Political Participation
A Legacy of Leadership in Non-Violent Activism and Community Organizing for Social Change
One of the most courageous persons the Civil Rights Movement ever produced, Congressman John Lewis has dedicated his life to protecting human rights, securing civil liberties, and building what he described as “The Beloved Community” in America.
The “conscience of the U.S. Congress” grew up as the son of sharecroppers, where he was inspired by the activism surrounding the Montgomery Bus Boycott, a protest campaign against racial segregation on public transit that started in 1955 in Montgomery, Alabama, and by the words of the Rev. Martin Luther King Jr. to become a part of the Civil Rights Movement; a mass protest movement against racial segregation and discrimination in the U.S. that peaked between 1955 and 1965.
As a student at American Baptist College, Lewis organized sit-in demonstrations, was one of the Freedom Riders, who were civil rights activists that rode interstate buses into the segregated southern United States, and was named Chairman of the Student Nonviolent Coordinating Committee (SNCC), which he helped form.
By 1963, he was dubbed one of the Big Six leaders of the Civil Rights Movement. At the age of twenty-three, he was an architect of, and a keynote speaker at, the historic March on Washington in August 1963. Attended by some 250,000 people, it was the largest demonstration ever seen in the nation’s capital.

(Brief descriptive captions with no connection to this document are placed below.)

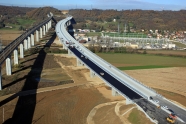 Photo aérienne - La Boisse - France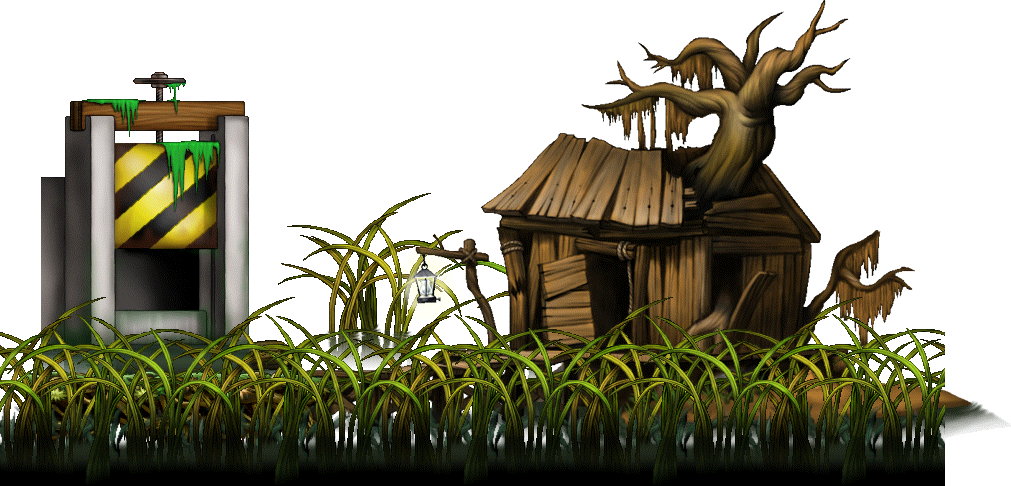 1st Accompaniment <Exit> render
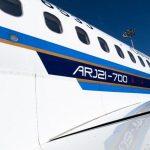 penerbangan langsung Shenzhen Manado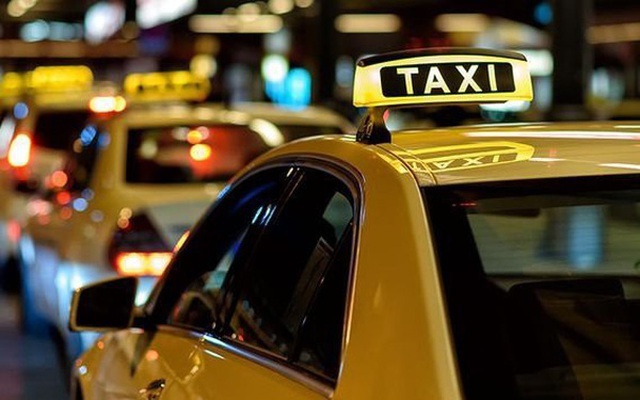 Bỏ túi các hãng Taxi Nha Trang tốt nhất năm 2023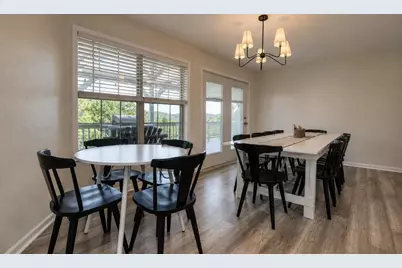 132 Oak Ridge Way, Morganton, GA 30560 - Photo 14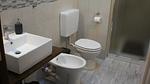 interior - Ferienwohnung für 4 Personen (75 m²) in Dogliani - Top-Hundeurlaub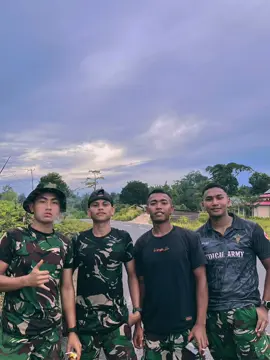 #paratiiiiiiiiiiiiiiiiiiiiiiiiiiiiiii #fyppppppppppppppppppppppp #tiktok #tniindonesia🇮🇩 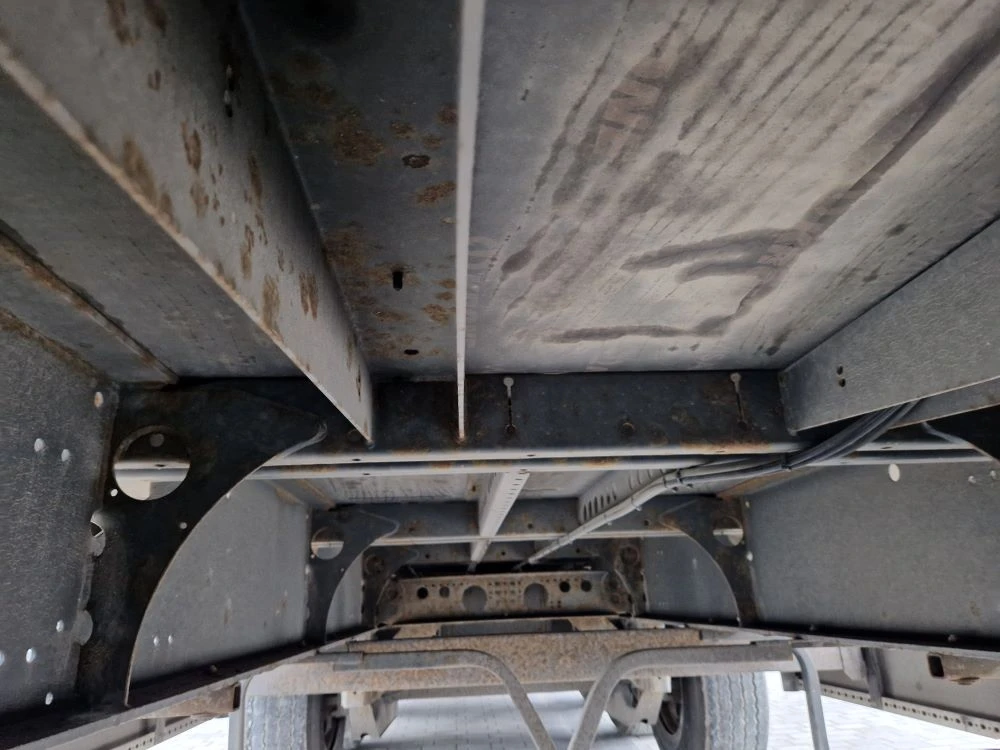  Krone SD ADR EXII | Mobile.bg   7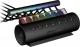 HUB USB Streamplify 7x USB-A 3.0 (SPUH-HC71217.11) 1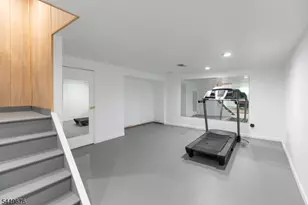 262 Skyline Dr, Long Hill Township, NJ 07946 - Photo 37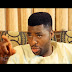 DOWNLOAD: Enu Osoro - Latest Nollywood Yoruba 2017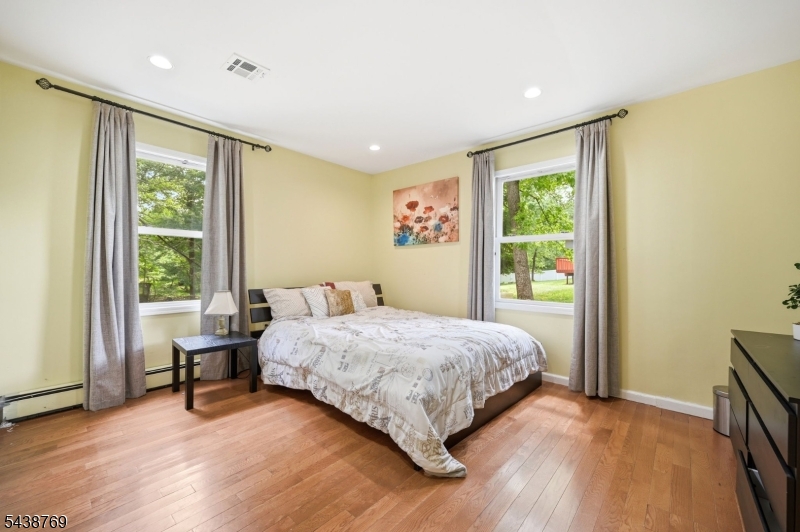 Tingley Hills Estates - Residential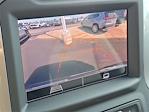 New 2024 GMC Sierra 2500 Pro Double Cab 4x4 Pickup for sale #GMR1724 - photo 14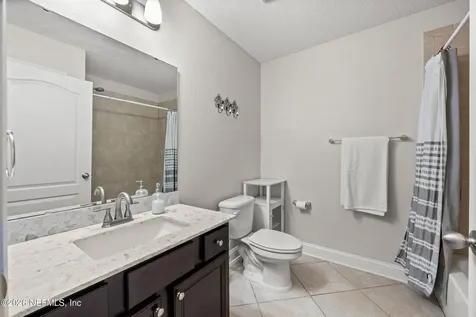 11148 Eston Place Jacksonville FL 32257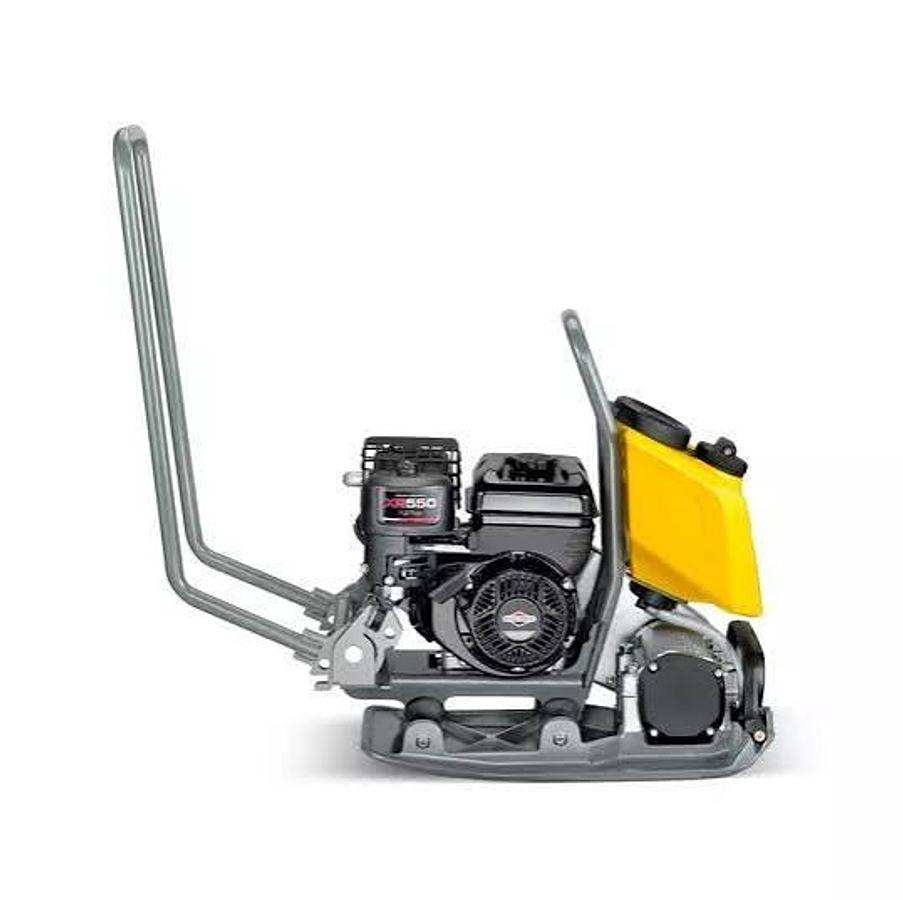 Used 2026 Wacker Neuson BPS1550AW, 15KN, 19.8 WIDTH, 222.6 LBS (5100061216)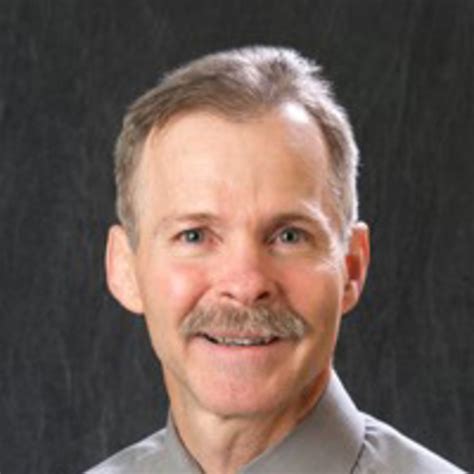 Meet our team | Vaccine Research Unit - Carver College of Medicine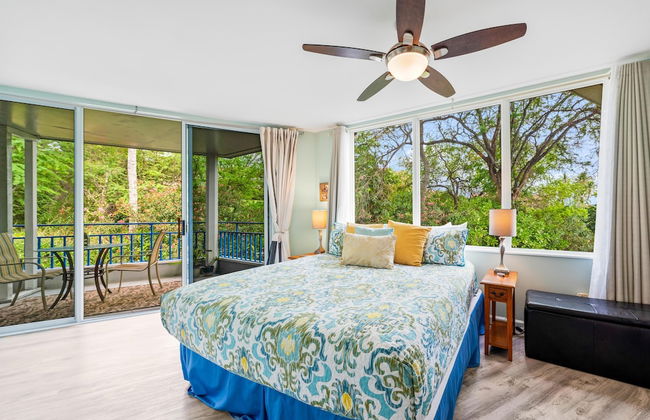 Mauna Loa Village - Foto 1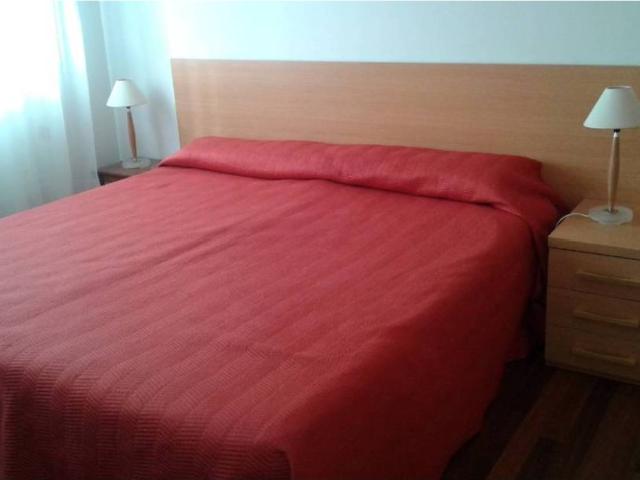 Piso en alquiler en Santander, Cantabria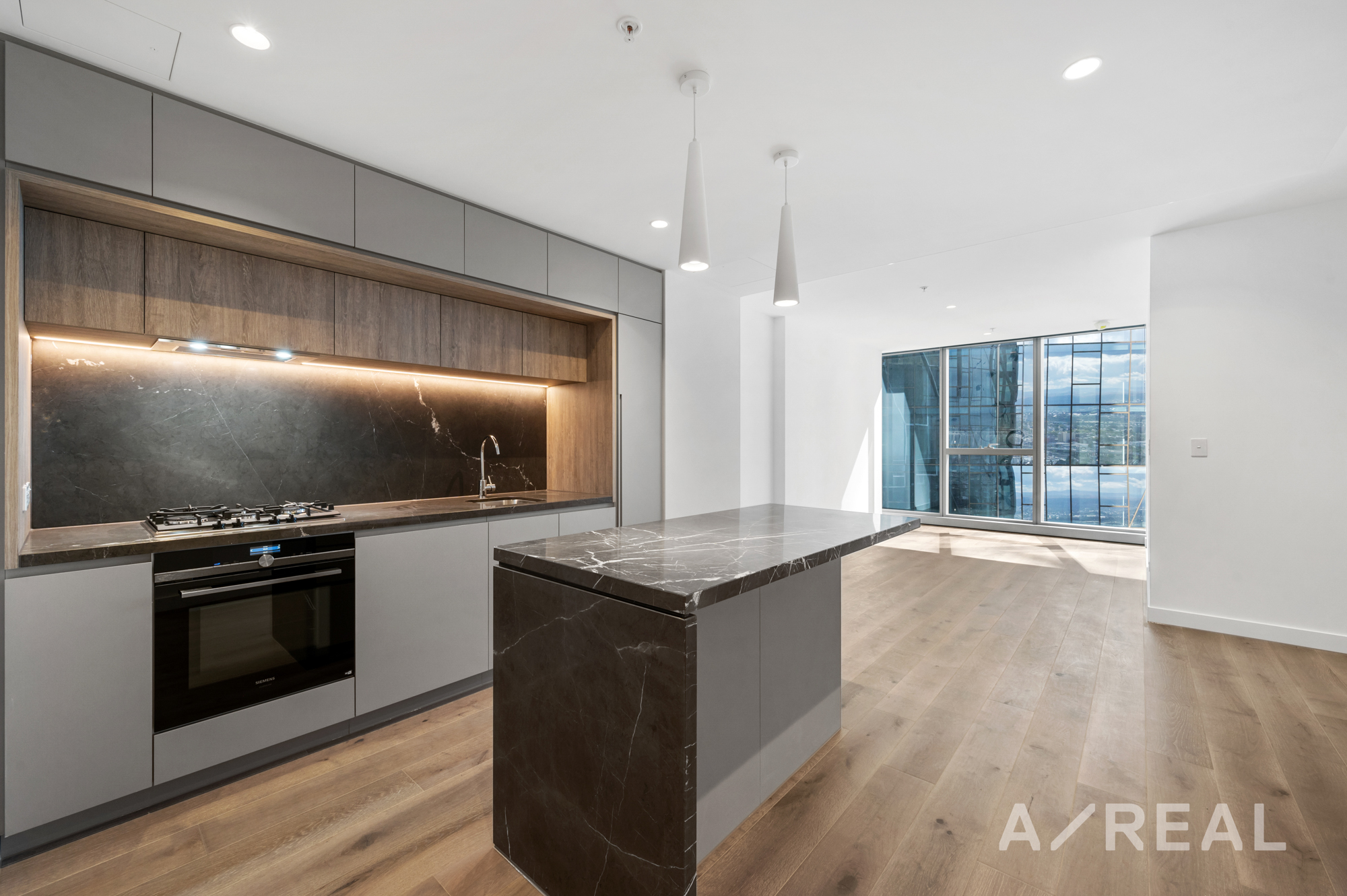 5311C/633 Little Lonsdale St Docklands VIC 3008 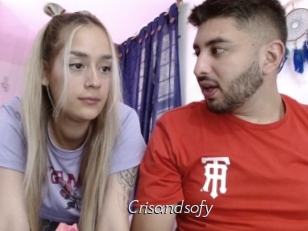 Crisandsofy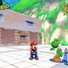 amino-biggest Fan of Super Mario Sunshine-5b2cd330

The event is remembered for Lewis’ keynote address and Martin Luther King’s “I Have a Dream” speech.
In 1964, he coordinated voter registration drives and community action programs during the Mississippi Freedom Summer, a campaign in June 1964 that attempted to register as many African-American voters as possible. The following year, Lewis helped lead over 600 peaceful, orderly protestors across the Edmund Pettus Bridge in Selma, Alabama, on March 7, 1965, with intentions to march to Montgomery to demonstrate the need for voting rights in the state. The marchers were attacked by Alabama state troopers in a brutal confrontation that became known as “Bloody Sunday” and hastened the passage of the Voting Rights Act of 1965.
Despite more than forty arrests, physical attacks, and serious injuries, John Lewis remained a devoted advocate of the philosophy of nonviolence. After leaving SNCC in 1966, he continued his commitment to the Civil Rights Movement as Associate Director of the Field Foundation and his participation in the Southern Regional Council’s voter registration programs. Lewis went on to become the Director of the Voter Education Project (VEP). Under his leadership, the VEP transformed the nation’s political climate by adding nearly four million minorities to the voter rolls.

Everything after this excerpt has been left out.